O carro de um policial militar suspeito de matar a ex-namorada tinha sido impecavelmente lavado depois do crime. Ou quase impecavelmente. Em um pente-fino, uma equipe de especialistas em análise do solo encontrou um microvestígio de terra na parte interior do paralamas e outro perto do retrovisor.
Juntos, pesavam cerca de 0,5 grama, e foi com esse torrãozinho, que mal dava para ser visto a olho nu, que a equipe conseguiu comprovar que o veículo havia passado pelo local onde o corpo tinha sido encontrado. E isso foi fundamental para a condenação do PM por feminicídio.
A história com cara de "CSI", a famosa série de TV sobre investigação de crimes, está no currículo da doutora em ciência do solo Samara Alves Testoni, 38, que começou neste ano a ministrar uma disciplina de graduação pioneira no país sobre essa técnica. A matéria se chama Pedologia Forense, ou seja, a ciência que estuda o solo aplicada a investigações no âmbito judicial.
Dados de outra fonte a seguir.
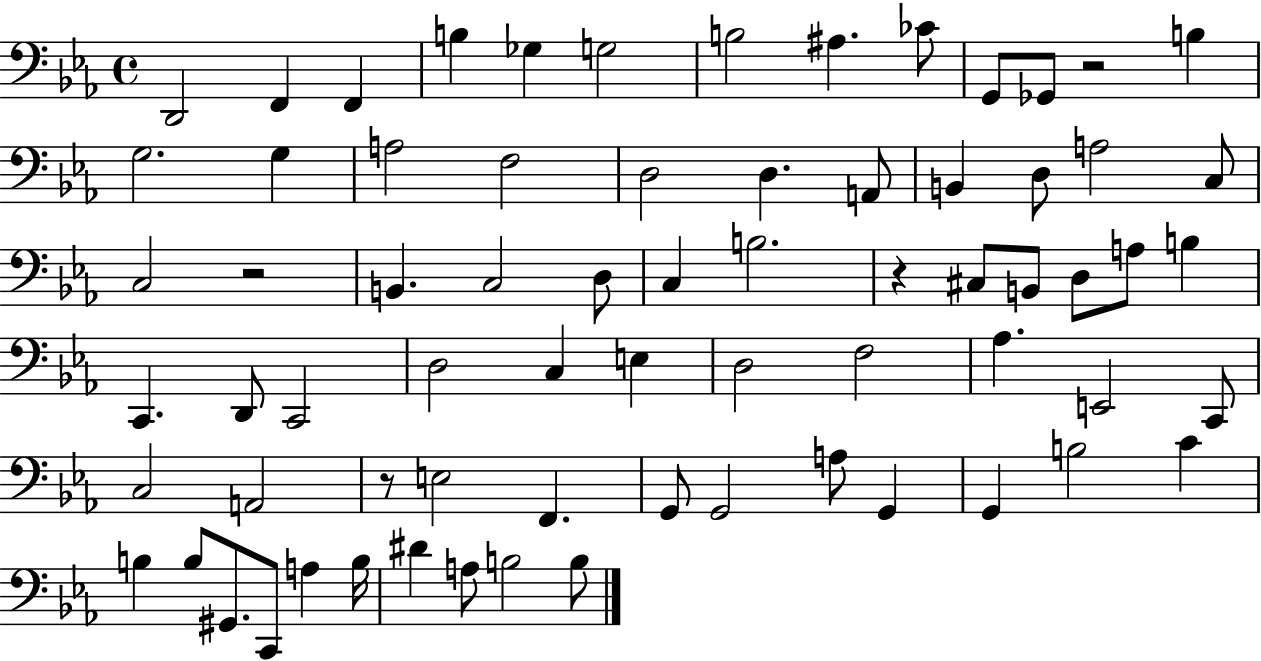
{
  \clef bass
  \time 4/4
  \defaultTimeSignature
  \key ees \major
  d,2 f,4 f,4 | b4 ges4 g2 | b2 ais4. ces'8 | g,8 ges,8 r2 b4 | \break g2. g4 | a2 f2 | d2 d4. a,8 | b,4 d8 a2 c8 | \break c2 r2 | b,4. c2 d8 | c4 b2. | r4 cis8 b,8 d8 a8 b4 | \break c,4. d,8 c,2 | d2 c4 e4 | d2 f2 | aes4. e,2 c,8 | \break c2 a,2 | r8 e2 f,4. | g,8 g,2 a8 g,4 | g,4 b2 c'4 | \break b4 b8 gis,8. c,8 a4 b16 | dis'4 a8 b2 b8 | \bar "|."
}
É oferecida a estudantes de engenharia agronômica e de ciências biológicas da Unesp, no campus de Jaboticabal (interior de São Paulo).
Posteriormente, Samara pretende abrir para outros cursos, e explica que peritos podem ter diferentes formações, como direito, informática, agronomia, geologia, química ou medicina, e utilizam esse conhecimento diverso nas investigações.